____ Dataset
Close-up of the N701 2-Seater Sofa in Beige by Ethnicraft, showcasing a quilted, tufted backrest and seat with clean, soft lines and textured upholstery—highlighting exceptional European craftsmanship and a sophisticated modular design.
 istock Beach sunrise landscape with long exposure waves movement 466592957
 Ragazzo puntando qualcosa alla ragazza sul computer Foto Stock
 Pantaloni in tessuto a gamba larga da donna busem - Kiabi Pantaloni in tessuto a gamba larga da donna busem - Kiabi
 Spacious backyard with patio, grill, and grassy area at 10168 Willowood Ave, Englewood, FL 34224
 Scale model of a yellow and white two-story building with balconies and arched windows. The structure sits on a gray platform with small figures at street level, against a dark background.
________
**Task to complete:** Retype exactly the lines of the data above, starting at its first line and finishing with the line that has "- Kiabi Pantaloni" in it.

**Answer section:**
Close-up of the N701 2-Seater Sofa in Beige by Ethnicraft, showcasing a quilted, tufted backrest and seat with clean, soft lines and textured upholstery—highlighting exceptional European craftsmanship and a sophisticated modular design.
 istock Beach sunrise landscape with long exposure waves movement 466592957
 Ragazzo puntando qualcosa alla ragazza sul computer Foto Stock
 Pantaloni in tessuto a gamba larga da donna busem - Kiabi Pantaloni in tessuto a gamba larga da donna busem - Kiabi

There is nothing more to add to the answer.